Lalu kami berangkat ke tempat yang penuh kedamaian
itu bersama-sama. Belum berapa lama kami berlari di
udara, tangan seorang pria tergelincir dan mulai jatuh.
Aku menangkapnya dan berkata: "Ini sangat berbahaya,
kita harus membuat mesin terbang agar tidak ada yang
terjatuh." Kemudian aku membuat mesin terbang dengan Rahmat Allah ï·»dan kami bepergian lebih mudah
dengan itu. Saat kami mulai terbang, orang lain
meneleponku dan bertanya: "Bisakah kami ikut
denganmu?" Ketika aku turun, aku melihat orang-orang
ini adalah orang-orang yang pertama kali bertemu
denganku dan aku telah memberitahu mereka semua
dan mereka sangat bahagia. Mereka berkata: "Bawa
kami juga bersamamu." Aku berkata "Baiklah"
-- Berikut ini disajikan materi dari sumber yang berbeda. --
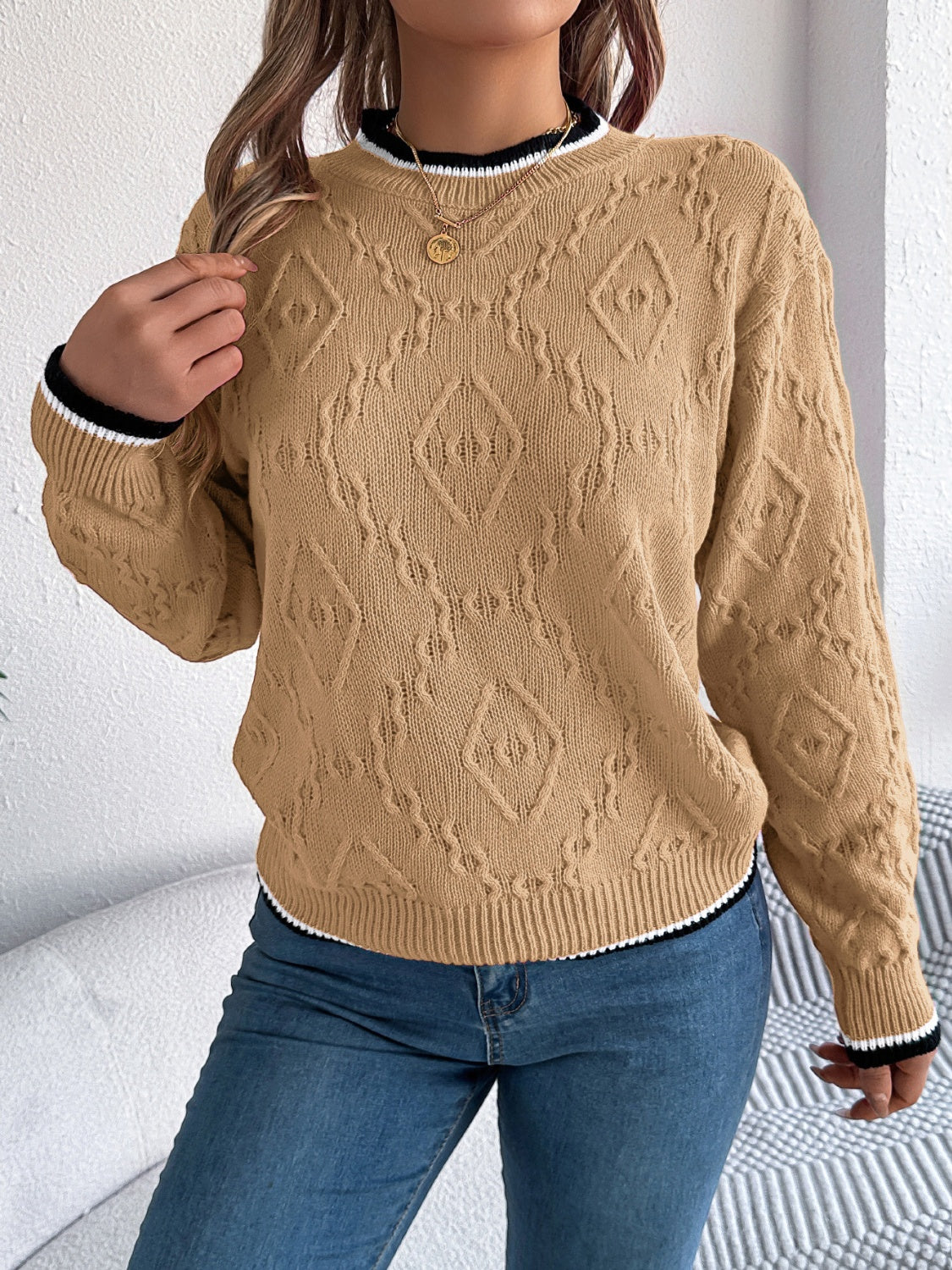 Contrast Trim Round Neck Long Sleeve Sweater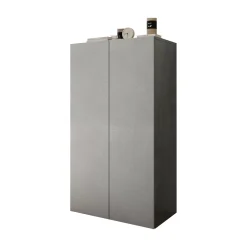 Armadio Multiuso 2 Ante Grigio Cemento 5 Ripiani Apertura Manuale 63x114h cm, 2 Ante - Floro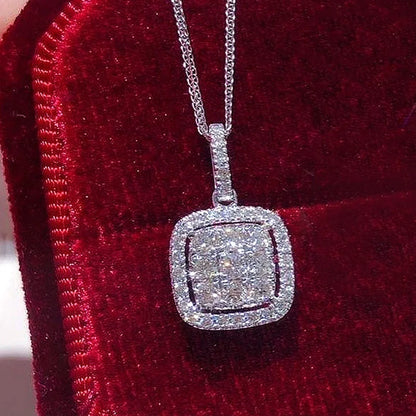 Elegant Cubic Zirconia Pendant Necklace - 925 sterling Silver Chain With Luxury Multi - Color Gemstones for Women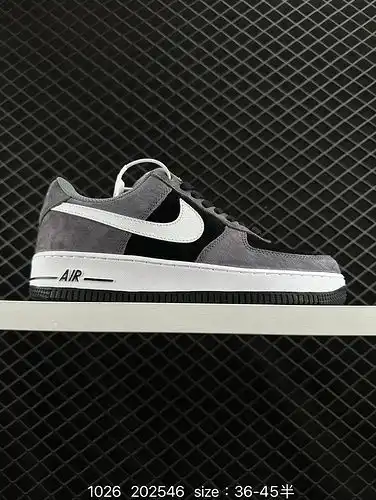 2c30g otoño e invierno nuevo producto corporativo Nike Air Force 1D low 0g7 terciopelo cuero gris os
Kemudian aku meningkatkan ukuran mesin terbangnya
menjadi lebih besar. Kami semua duduk di dalamnya,
lalu aku melihat mereka dan berkata: "Apakah masih
ada orang yang tertinggal dari mereka yang pertama kali
bertemu denganku atau yang membantuku?"
Sesaat kemudian, aku merasa agak lelah dalam
perjalanan ini dan berkata: "Allah ï·»telah memfasilitasi
segalanya untuk kita dan yang harus aku lakukan
hanyalah menerbangkan mesin terbang ini. Seandainya
Allah ï·»tidak menunjukkan jalan, apa yang akan kita
lakukan jika kita masih terjebak dalam kegelapan ini".
Aku melirik rumahku dan kemudian mulai terbang
menuju tempat yang penuh dengan kedamaian itu. Dan
mimpi itu berakhir di sana.
⚠️ JANGAN SIMPAN SENDIRI!
👉 SHARE postingan ini sekarang agar lebih banyak orang tersadar bahwa Allah ﷻ masih menunjukkan jalan menuju tempat penuh kedamaian.
💬 Tulis di komentar: “Aku juga ingin menuju tempat yang damai”
📌 Semakin banyak interaksi, semakin luas kebenaran ini tersebar.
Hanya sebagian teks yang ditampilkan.